I recently introduced a Server 2008 domain controller in to our 2k3 domain and it has been working perfectly well for for the past couple of months. All our server are virtualized using VMWare and after building the 2008 server I created a template from the built VM (DCPROMO hadn't been run, just pactched and joined to the domain!) I foolishly created a new VM from this template yesterday as I was getting ready to migrate my F&P server from 2k3 to 2008 and when it fired up I realized that the computer name was the same as the DC that I set up previously. In a panic I re-named the new server so stop any conflicts but thats where the trouble started.

When renaming the server AD has for some reason renamed the DC in the DC OU. 

I tried to login to the DC but it comes back with an error "The security database on the server does not have a computer account for this workstaion trust relationship"

I understand why this is happening as there is now no computer account for this DC in AD.

I guess all I need to do is re-join it to the domain but I am having no luck in logging in and as it is now a DC there is no way to login to it locally.

I thought I might be able to re-build DC with the same name / ip etc and run through the ADPREP again but when running this on our main DC that holds all the FSMO role it fails with "Adprep encountered a Win32 error." I have run DCDIAG and it looks a bit of a mess.
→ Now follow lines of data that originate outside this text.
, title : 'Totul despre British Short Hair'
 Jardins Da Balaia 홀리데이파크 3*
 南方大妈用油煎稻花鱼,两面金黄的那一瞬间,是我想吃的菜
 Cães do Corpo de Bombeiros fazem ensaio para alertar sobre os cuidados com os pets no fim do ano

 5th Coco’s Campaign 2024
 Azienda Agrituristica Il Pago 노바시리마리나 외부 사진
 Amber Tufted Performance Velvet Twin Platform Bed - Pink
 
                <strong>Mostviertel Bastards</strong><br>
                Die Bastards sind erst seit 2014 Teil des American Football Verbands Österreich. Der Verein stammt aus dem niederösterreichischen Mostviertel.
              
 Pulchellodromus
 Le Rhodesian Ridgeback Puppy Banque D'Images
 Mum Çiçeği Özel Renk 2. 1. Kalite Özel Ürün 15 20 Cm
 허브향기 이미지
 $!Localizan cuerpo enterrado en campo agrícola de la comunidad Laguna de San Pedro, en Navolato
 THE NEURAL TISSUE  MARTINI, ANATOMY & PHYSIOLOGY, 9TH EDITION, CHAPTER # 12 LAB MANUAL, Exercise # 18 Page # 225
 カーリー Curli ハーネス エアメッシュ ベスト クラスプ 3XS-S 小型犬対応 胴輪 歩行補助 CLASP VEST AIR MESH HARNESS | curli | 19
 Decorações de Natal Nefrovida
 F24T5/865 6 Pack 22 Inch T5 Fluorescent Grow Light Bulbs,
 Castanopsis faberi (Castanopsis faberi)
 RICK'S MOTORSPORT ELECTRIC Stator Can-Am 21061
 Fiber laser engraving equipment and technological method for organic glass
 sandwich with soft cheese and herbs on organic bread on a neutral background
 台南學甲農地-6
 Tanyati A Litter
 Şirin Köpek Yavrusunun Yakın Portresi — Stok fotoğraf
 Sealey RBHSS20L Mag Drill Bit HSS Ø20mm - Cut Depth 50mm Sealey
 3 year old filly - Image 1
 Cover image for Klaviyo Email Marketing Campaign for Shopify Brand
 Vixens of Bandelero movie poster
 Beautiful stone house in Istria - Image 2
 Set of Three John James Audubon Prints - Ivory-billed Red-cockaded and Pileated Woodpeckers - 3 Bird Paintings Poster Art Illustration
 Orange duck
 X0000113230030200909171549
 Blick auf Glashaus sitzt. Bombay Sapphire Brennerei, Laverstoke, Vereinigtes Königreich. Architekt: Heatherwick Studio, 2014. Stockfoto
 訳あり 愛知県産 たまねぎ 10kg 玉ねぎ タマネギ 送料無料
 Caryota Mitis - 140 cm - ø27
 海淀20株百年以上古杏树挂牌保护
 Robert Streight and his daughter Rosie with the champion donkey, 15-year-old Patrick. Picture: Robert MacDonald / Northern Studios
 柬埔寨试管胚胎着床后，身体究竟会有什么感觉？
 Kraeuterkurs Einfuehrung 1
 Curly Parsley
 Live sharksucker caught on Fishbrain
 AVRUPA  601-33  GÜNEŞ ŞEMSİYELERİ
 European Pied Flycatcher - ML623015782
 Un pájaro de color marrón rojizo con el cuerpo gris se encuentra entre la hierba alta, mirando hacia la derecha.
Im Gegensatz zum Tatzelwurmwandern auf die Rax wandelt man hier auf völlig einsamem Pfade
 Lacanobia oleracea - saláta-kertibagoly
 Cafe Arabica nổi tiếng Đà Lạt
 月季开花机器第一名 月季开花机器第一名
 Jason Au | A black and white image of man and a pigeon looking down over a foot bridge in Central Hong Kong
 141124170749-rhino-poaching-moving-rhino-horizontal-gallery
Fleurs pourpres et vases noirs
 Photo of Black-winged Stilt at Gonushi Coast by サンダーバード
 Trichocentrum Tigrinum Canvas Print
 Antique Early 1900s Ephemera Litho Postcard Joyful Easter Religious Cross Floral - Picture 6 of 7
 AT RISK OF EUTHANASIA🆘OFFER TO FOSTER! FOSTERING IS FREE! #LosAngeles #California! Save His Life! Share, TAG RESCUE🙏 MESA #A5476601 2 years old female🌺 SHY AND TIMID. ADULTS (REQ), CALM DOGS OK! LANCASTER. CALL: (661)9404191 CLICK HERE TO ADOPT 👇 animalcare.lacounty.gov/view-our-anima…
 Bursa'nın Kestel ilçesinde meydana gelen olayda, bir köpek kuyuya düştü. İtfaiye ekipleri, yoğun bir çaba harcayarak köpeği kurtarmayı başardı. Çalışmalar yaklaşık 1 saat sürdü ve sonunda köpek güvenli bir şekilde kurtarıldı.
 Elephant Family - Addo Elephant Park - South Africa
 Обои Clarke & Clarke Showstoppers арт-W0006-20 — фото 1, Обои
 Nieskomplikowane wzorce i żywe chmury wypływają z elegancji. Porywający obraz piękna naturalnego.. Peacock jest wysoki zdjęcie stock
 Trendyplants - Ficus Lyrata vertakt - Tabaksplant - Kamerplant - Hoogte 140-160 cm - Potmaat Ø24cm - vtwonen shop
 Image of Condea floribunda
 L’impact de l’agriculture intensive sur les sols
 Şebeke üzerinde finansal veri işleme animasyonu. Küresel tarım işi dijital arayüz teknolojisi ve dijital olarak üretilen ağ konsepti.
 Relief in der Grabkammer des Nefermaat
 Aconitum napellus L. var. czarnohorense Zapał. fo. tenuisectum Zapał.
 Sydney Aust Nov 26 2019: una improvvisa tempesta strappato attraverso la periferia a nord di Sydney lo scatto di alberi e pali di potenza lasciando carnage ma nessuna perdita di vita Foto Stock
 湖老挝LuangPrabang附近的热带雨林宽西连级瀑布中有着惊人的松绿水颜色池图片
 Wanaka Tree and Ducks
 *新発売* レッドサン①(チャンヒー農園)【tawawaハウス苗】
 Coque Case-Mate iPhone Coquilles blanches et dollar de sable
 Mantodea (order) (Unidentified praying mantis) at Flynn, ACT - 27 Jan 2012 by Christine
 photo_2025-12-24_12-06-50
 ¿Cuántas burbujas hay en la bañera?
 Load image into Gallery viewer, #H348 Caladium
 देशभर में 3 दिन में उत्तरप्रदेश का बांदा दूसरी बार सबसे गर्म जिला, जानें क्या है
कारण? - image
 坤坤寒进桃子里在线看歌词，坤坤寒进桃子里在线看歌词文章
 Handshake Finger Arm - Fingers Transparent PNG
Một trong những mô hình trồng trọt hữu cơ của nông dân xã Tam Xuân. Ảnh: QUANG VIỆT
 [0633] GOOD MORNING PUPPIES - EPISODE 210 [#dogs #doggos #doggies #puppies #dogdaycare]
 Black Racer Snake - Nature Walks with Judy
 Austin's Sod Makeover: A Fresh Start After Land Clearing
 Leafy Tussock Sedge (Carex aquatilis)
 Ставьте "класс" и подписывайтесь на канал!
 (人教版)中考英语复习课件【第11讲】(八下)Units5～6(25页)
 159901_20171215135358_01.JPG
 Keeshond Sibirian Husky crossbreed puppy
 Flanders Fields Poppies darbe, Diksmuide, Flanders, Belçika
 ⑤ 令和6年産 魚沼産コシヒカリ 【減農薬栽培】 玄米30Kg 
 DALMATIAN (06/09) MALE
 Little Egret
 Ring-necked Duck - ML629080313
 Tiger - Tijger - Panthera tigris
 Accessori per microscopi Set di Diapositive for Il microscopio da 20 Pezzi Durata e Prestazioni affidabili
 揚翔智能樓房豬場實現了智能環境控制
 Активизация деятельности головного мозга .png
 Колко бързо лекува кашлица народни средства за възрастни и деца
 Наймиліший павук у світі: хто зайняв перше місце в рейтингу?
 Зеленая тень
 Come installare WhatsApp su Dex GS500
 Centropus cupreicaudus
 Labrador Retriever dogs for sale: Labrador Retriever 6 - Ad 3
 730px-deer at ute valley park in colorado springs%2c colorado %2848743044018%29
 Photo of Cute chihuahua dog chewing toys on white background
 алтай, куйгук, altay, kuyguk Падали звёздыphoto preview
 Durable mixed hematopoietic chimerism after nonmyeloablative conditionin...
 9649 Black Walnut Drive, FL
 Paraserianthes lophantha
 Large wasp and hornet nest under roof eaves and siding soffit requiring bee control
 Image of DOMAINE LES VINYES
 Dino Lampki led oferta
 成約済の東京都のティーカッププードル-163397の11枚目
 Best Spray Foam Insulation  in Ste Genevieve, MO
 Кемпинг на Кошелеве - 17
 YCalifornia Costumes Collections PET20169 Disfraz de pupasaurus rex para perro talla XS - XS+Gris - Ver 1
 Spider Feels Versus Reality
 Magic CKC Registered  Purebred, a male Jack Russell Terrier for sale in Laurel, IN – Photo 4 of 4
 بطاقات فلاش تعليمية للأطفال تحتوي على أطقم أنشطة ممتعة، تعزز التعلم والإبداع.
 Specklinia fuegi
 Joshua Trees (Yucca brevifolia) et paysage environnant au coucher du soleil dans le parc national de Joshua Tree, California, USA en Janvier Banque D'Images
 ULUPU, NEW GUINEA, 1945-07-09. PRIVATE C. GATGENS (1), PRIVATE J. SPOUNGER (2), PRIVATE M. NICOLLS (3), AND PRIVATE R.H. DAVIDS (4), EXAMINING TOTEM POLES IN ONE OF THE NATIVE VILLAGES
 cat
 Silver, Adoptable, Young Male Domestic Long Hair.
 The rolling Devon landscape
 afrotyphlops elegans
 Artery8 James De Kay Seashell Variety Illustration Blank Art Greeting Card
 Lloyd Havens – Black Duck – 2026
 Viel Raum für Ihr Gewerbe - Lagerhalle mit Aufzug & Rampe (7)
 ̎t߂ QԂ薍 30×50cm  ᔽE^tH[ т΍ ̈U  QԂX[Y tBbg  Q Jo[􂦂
It comes back saying the server holding the PDC role is down but I know that this role is on the the good server which holds ALL the roles.

Is it possible to resurect the DC or would it be better to build a new one and if so Is there away to cleanup all traces of the DC that I have messed up so I can run ADPREP succesfully.

Sorry for the rant but I have seen sat in from of my PC for a nearly 12 hours trying to sort out a mess I made myself!

Please help!!

Many thanks.

Matt


----------